Opinião
Harvard Humility
Filha de médicos, única rapariga entre quatro rapazes, em casa ouviu sempre que as oportunidades eram iguais para todos, o que ia em contracorrente com o que se vivia na Irlanda dos anos 50.
Quando começamos a ficar velhos e a pensar que se calhar já demos o que tínhamos a dar, é uma inspiração conhecer pessoas ainda mais velhas do que nós que continuam furiosamente empenhadas em mudar o mundo antes de se despedirem dele definitivamente.
A semana passada assisti a um debate promovido pelos UWC - United World Colleges - que tinha como convidada especial a advogada Mary Robinson que, em 1990, se tornou na primeira mulher presidente da Irlanda e desempenhou um papel importante no processo de Paz na Irlanda do Norte. Foi depois alta-comissária das Nações Unidas para os Direitos Humanos e hoje, aos 77 anos, faz parte do The Elders, um grupo fundado por Nelson Mandela que reúne líderes "reformados" que querem contribuir com a sua sabedoria e independência para a resolução dos problemas mais graves da humanidade. E lidera uma fundação com o seu nome.
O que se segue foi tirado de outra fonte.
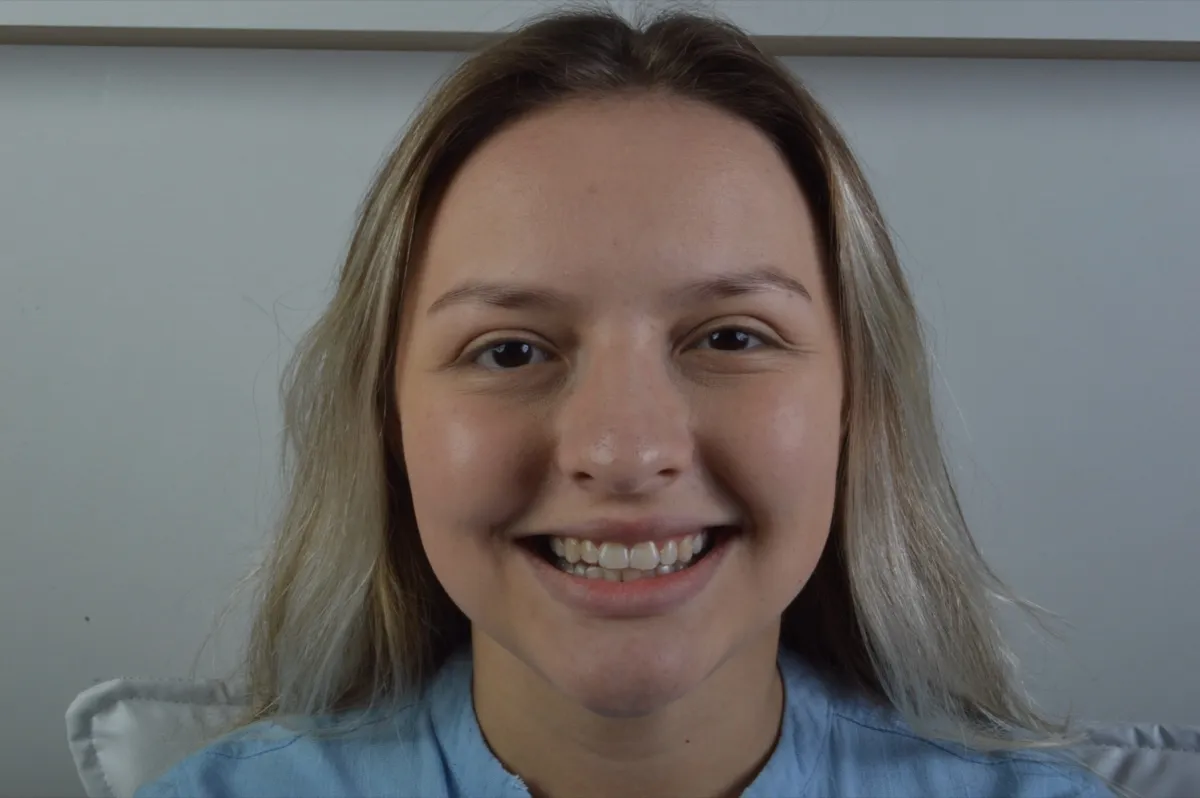 Paciente sorrindo durante o tratamento com alinhador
A dado momento da conversa uma aluna dos UWC, visivelmente uma adolescente com um futuro promissor, perguntou a Mary Robinson como se livrara - se é que se livrara! - do Síndrome do Impostor, daquela sensação de que a coisa correu bem até aqui, mas um dia vão descobrir que afinal não sou tão capaz, tão brilhante, tão eficiente como me julgam, ou seja, vão ver-me como sou, como me vejo ao espelho, cheia de imperfeições e constantemente a cometer erros. Arrebitei as orelhas. A resposta interessava-me mesmo.
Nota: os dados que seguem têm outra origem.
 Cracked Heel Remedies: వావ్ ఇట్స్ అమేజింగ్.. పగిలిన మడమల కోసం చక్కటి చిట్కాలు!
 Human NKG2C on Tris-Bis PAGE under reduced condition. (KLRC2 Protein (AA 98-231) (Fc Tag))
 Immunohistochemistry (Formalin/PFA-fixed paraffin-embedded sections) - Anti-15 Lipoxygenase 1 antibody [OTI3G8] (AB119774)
Robinson sorriu e exclamou: "Nunca sofri disso. E até há pouco tempo nem sequer sabia que tal coisa existia" E com uma curta gargalhada confessou: "Estava defendida pela minha "Harvard Humility"". Passou a explicar. Filha de médicos, única rapariga entre quatro rapazes, em casa ouviu sempre que as oportunidades eram iguais para todos, o que ia em contracorrente com o que se vivia na Irlanda dos anos 50. Levou a recomendação a sério licenciou-se em Direito na Irlanda, e foi para Harvard fazer o doutoramento. Era o tempo da guerra do Vietname, de Martin Luther King e dos dois Kennedy´s, entretanto assassinados, e garante que tanto ela com os seus amigos, saíram da Faculdade seguros de que eram tão bons, mas mesmo tão bons, que seriam capazes de fazer a diferença. Não foram a correr em busca de lugares em Wall Street, como o CV lhes permitia, mas sim em Organizações Não Governamentais e na política. Ela regressou à Irlanda, pronta a lançar mãos à obra - "Nem pensei duas vezes quando, aos 25 anos, me candidatei ao Senado". Foi eleita.
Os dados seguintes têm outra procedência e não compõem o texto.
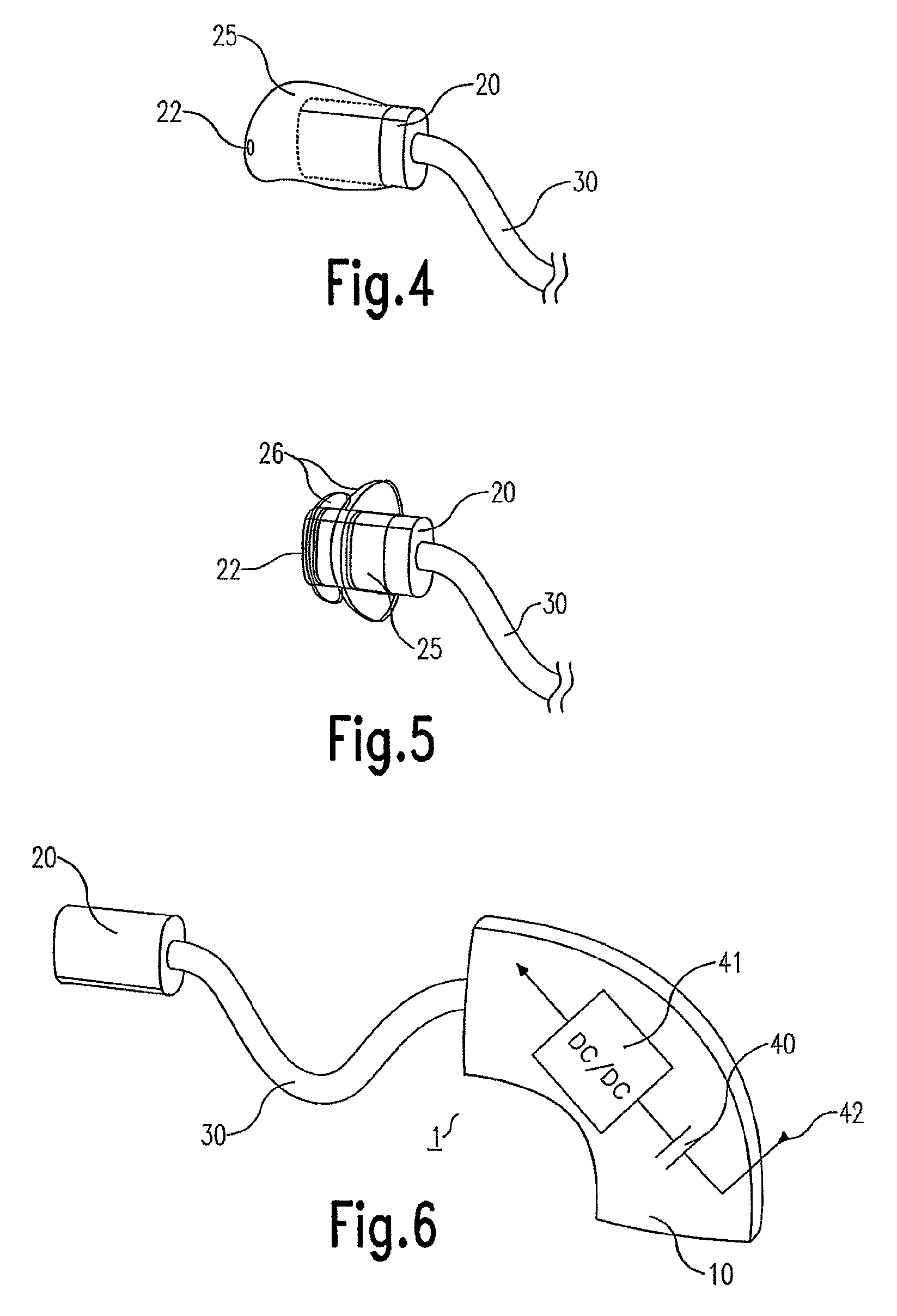 Hearing aid, expansion unit and method for manufacturing a hearing aid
Conta que foi o marido que cunhou o termo, ao vê-la atirar-se de cabeça para as provas mais difíceis, com a certeza de ter as competências necessárias para resolver os problemas, desde que acreditasse genuinamente na causa que defendia. É claro que a voz lhe tremia antes de falar em público e que nem sempre ganhou todos os casos, todas as eleições e todos os projetos em que se envolveu, mas genuinamente não encarou nenhum desses reveses como um falhanço pessoal, ou sinal de que era menos do que imaginava, ou podia menos do que queria. Viva a Harvard Humility, pensei eu. E a aluna jurou, logo ali, que para ela o síndrome do Impostor estava morto e enterrado.
Por curiosidade fiz um Google de Harvard + Humility, e nem de propósito, encontrei na Harvard Business Review um artigo obrigatório para empresários - "Level 5 Leadership: The Triumph of Humility and Fierce Resolve" (https://hbr.org/2001/01/level-5-leadership-the-triumph-of-humility-and-fierce-resolve-2). Como diz logo no lead, o texto é o relato de uma longa investigação destinada a perceber o que leva uma empresa a passar de boa para extraordinária. A conclusão é contraintuitiva, e até contracultura, mas "Os executivos com mais poder de transformação têm uma mistura paradoxal de humildade pessoal e vontade profissional, são tímidos, mas ferozes, discretos, mas sem medo de nada. São raros - e imparáveis."
Tenho a sorte de conhecer alguns. Junto-lhes agora Mary Robinson.